Research Projects

  • Mining clinical and genetic markers of human disease
    Identification of clinical and genetic markers of disease can provide crucial information for both disease treatment and etiology. This complex task involves associating high-dimensional patterns such as large-scale gene expressions and single nucleotide polymorphisms (SNPs) with disease-related phenotypes using very few samples. We introduce a new graph-based semi-supervised feature classification algorithm to identify discriminative patterns by learning on bipartite graphs built from clinical variables, gene expressions and SNPs. Instead of performing feature selection or data-mining association analysis, our algorithm directly classifies the feature nodes in a bipartite graph as positive, negative or neutral with network propagation, which captures the interactions between both samples and features (clinical and genetic variables) by exploring the global structure of the graph. Although optimized for classifying the features, our algorithm can also simultaneously classify the test samples for disease prognosis/diagnosis. We apply our algorithm to studying the Rosetta breast cancer dataset and chronic fatigue syndrome on a CAMDA contest dataset. Our algorithm identifies interesting clinical and genetic markers that are consistent with previous studies in the literature, and achieves better overall classification performance than support vector machines and Bayesian networks.
  • String kernels for protein structural classification
    Solved protein structures are usually organized in a hierarchical scheme, such as SCOP and CATH, according to structure and evolutionary relationships. Classification of a new protein based on the hierarchy is crucial for inferring its function or its structure by comparative modeling. To detect subtle sequence similarities between remote homologies more effectively than previous methods, we propose several inexact matching string kernels and profile-based string kernels in use with SVM for this classification problem. The inexact matching kernels -- restricted gappy kernels, substitution kernels, and wildcard kernels -- compute along protein sequences for inexact matching of k-length subsequences ("k-mers"), while profile-based kernels make use of probabilistic profiles to define mutation neighborhoods of k-mers based on k -length windows of profiles. We also use the learned SVM classifier to extract discriminative sequence motifs, which correspond to meaningful structural features in the protein data.
  • Protein ranking by network diffusion
    Protein database search or protein ranking is about retrieving a ranked list of proteins that are homologous to the given query protein in a protein database. Sequence similarity discovered by ranking algorithms can also help infer functional properties of the query and target sequences without requiring any structural information. Therefore, protein ranking is a more flexible and convenient way of studying new proteins than structural classification. We propose a new network diffusion algorithm, called MotifProp, based on protein-motif network, in which edges connect proteins with the k -mer based motif features that they contain. We show the new algorithm can detect more subtle similarities than pairwise comparison methods, such as PSI-BLAST, that is used to initialize the ranking. Despite the complex structure of the protein-motif network, MotifProp can be easily interpreted using those top-ranked motifs and motif-rich regions induced by the propagation, both of which are helpful for discovering conserved structural components in remote homologies.

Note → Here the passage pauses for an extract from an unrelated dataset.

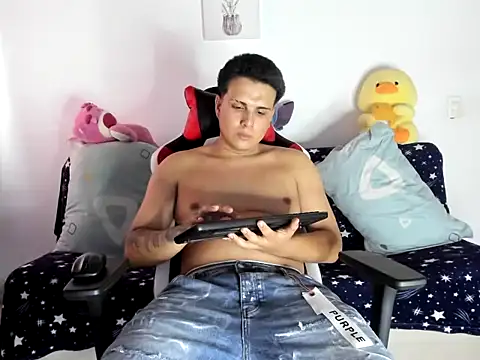 alexerdiego online show from 06/18/26, 08:03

  • Protein local structure prediction
    3D protein structures can be represented by a series of dihedral torsion angle pairs along the polypeptide backbone. Accurate prediction of protein backbone torsion angles will substantially improve the modeling of local structures of protein sequence segments, especially the loop conformations that do not form regular structures as in alpha-helices or beta-strands. Several kernel methods for structured output learning, which can capture the dependency in output space, are used to predict structural labels of each amino acid residue of a protein. The structural labels are either conformational states or protein blocks, both of which are reduced representations of backbone torsion angles. Our approaches make use of the dependency between the structural labels in a local structure neighborhood along with the input information of amino acid residues to predict the output labels more accurately.
  • Protein domain segmentation
    Multi-domain proteins are often problematic in structural and functional analysis due to the presence of multiple folds. Therefore, accurate domain segmentation is necessary for annotating entire genome sequences. Except for Pfam-based approaches, which are not designed for handling remote homologies, none of the previous works has attempted to tackle the two complementary tasks, which are the prediction of domain boundaries and the classification of  domain structure, in a unified method. We propose to use the positional SVM classification scores from multiple folds to predict domain labels and boundaries simultaneously. Expecting that most of the positive positional classification scores will concentrate on the regions of positive domains that are homologous to the corresponding fold, we are currently exploring various learning techniques to predict domain boundaries as well as domain labels.